As you know, I am still trying to redesign corporate travel management. I respect those views expressed by Tom Wilkinson and Mike Platt
but I maintain that what corporate travel management is doing in typical situations is turning over trip manufacturing to a middle entity, whether using an online agency or more personal services of a TMC-type agency. However, those trips are typically being made from scratch repetitively, wasting time of both travelers and agents. [more]
If you will indulge me by accepting “trip manufacturing” as a reasonable metaphor for what actually takes place, one can see that in most cases travel management is negotiating with suppliers independent of each other and omitting some critical variables like ground transportation between airport and destination hotel. Then a traveler, online or otherwise, cobbles together a trip using those suppliers, in many cases depriving travelers of their productivity, lost as a result--for instance--of using airline connecting schedules in order to save money, and using contract hotels when they are a taxi fare away from places of business used in that destination.
If a corporate travel manager takes destinations that comprise a heavy percentage of their traffic and either asks a TMC or company travelers to design a standard door-to-door trip for each destination that combines efficiency, fosters productivity and represents overall best value, then almost any trip to that destination could be “ordered,” much as one orders a finished product like a bathtub or computer. Almost everyone with whom I ever discuss this concept complains that it is too much work and involves too many changes, etc.

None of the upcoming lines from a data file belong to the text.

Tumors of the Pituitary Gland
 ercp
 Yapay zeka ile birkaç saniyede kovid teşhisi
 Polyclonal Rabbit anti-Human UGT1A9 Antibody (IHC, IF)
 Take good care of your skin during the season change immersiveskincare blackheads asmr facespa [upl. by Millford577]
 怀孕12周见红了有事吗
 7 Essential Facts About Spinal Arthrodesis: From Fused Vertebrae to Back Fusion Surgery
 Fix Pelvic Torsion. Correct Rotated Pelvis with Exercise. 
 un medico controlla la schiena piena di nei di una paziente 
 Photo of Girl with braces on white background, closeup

Many years ago I suggested to GE’s corporate travel manager that most of their travel would be covered by their top 50 destinations; he disputed my contention but agreed to give me a chance to prove it. I reviewed all their city-pairs for a six-month period and discovered that those top 50 destinations accounted for 84 percent of their total O&D (origin and destination) traffic. He persisted that those destinations would be accessed from hundreds of different cities, but I then was able to show him that a very large number of popular origins and destinations involved those same 50 cities. For example, both Philadelphia and Chicago were among the top 50 and much of GE’s traffic was between those two cities.
Once you have detailed trips to your top 50 destinations and from your top origins, you will have templated most of your traffic, allowing it to be ordered by either an online transaction, an IVR (interactive voice response system like AcuFlight) or by email or a phone call to an agent. Overall travel costs will decline because a travel manager can then negotiate with vendors using a sample template in hand; that will likely ensure a high share of traffic between points.
Some people will argue that travelers want free choice to make their own arrangements. I challenge anyone to demonstrate that preference. Other contentions: “our high mucky-mucks and lawyers won’t accept cookie-cutter itineraries” or “we can’t sell it internally,” or “our needs change too frequently.” Each of these dodges is a mudscreen that tries to discredit something that eminently makes sense. Give high mucky-mucks and lawyers their own templates. Selling it internally may be easy if you start measuring how long it takes a traveler to find a hotel online for a destination that’s new for the traveler. Trip manufacturing never stops because it should be part of corporate expansion and redirection. If more than 80 percent of your travel is accounted for by 50 or fewer destinations, travel management can and should be an informed part of that planning process.